# Is there a DIY hay rack?



## Katmais_mommy (Mar 22, 2010)

I need to make 2 big ones, one for each bun. The ones sold at the pet store are too small and pricy. Anyone know how to make one?


----------



## bengal77 (Mar 22, 2010)

The stormhaven litter system shows you how to make a hay rack from an NIC panel.


----------



## Pet_Bunny (Mar 22, 2010)

*bengal77 wrote: *


> The stormhaven litter system shows you


It gives you an idea as it is a litter box and hay holder.

http://www.rabbitsonline.net/view_topic.php?id=53690&forum_id=93


----------



## masseyrabbitry (Mar 24, 2010)

I use plastic organizing bins. They come 3 for $1.00 at Walmart. I would've preferred the wire mesh, but those were $2.00 for only 1. I attached them to the cage a little higher than my rabbits backs with wire.They work great and even though they're plastic, my buns haven't even scratched them up.
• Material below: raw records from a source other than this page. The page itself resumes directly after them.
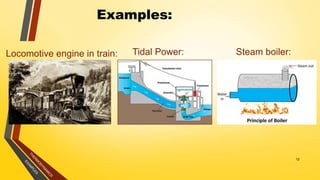 Examples:
Steam boiler:Locomotive engine in train:
12
Tidal Power:
 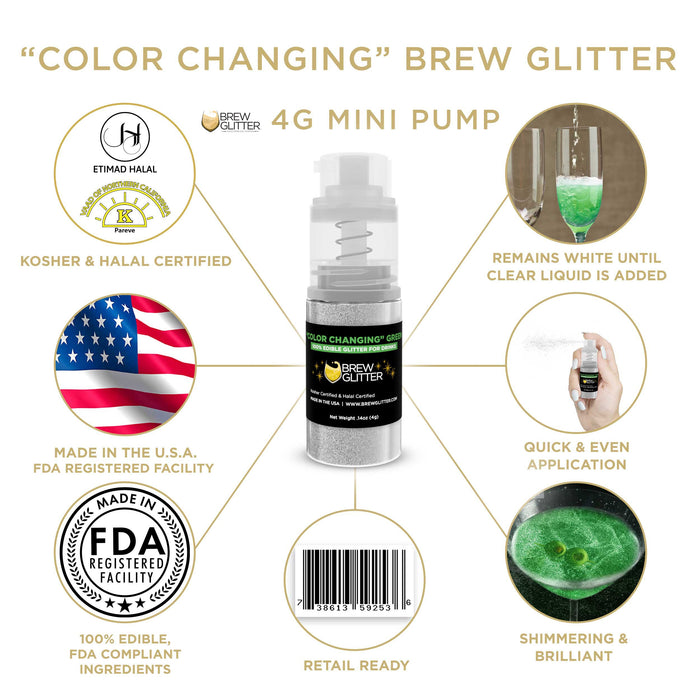 Green Color Changing Brew Glitter | Mini Pump Wholesale by the Case-Brew Glitter®
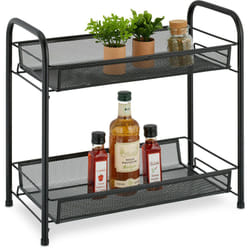 Relaxdays - Scaffale Portaspezie a 2 Ripiani, Organizer da Tavolo da Cucina o Mensola Bagno per Make-Up, in Metallo, Nero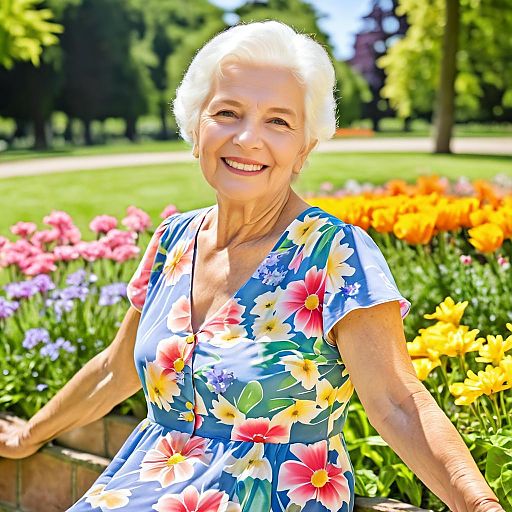 Smiling Elderly Woman in Summer Dress Smiling Elderly Woman in Summer Dress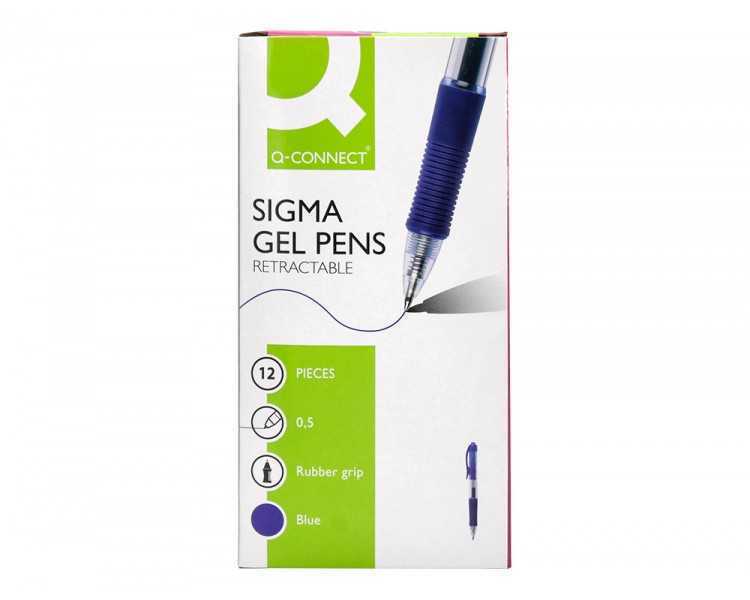 Boligrafo q-connect sigma retractil con sujecion de caucho tinta gel 0,5 mm color azul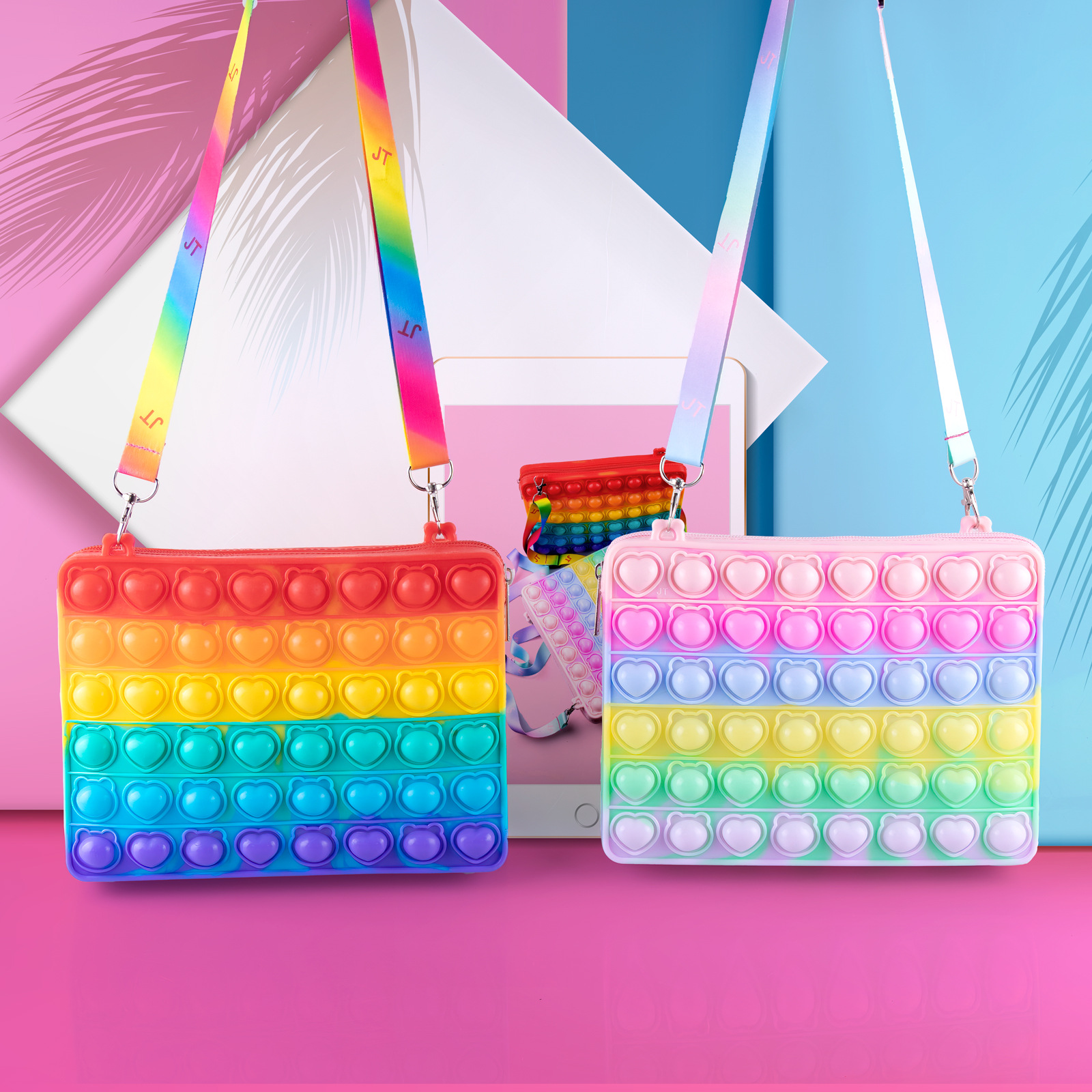 Anti-Mouse Pioneer Cross-Border New iPad Bag Silicone Toy Multi-Function Decompression Bubble Music Tablet Messenger Bag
And my Rex buck really tries to do that, too. lol

You can sort of see them in this pic.







Chellie


----------



## funnybunnymummy (Mar 24, 2010)

Ibought a wrap and foil organizer for $5 (I found it at a hardware store in the same section you'd find utensil holders, dish dryingracks,etc.). I used zip-ties to attach it to the side of his cage and stuffed it full of hay. Works great!

Hope that helps!

Rue


----------



## Mrs. PBJ (Mar 24, 2010)

For my lattes bunny i just bent a NIC panel in half.


----------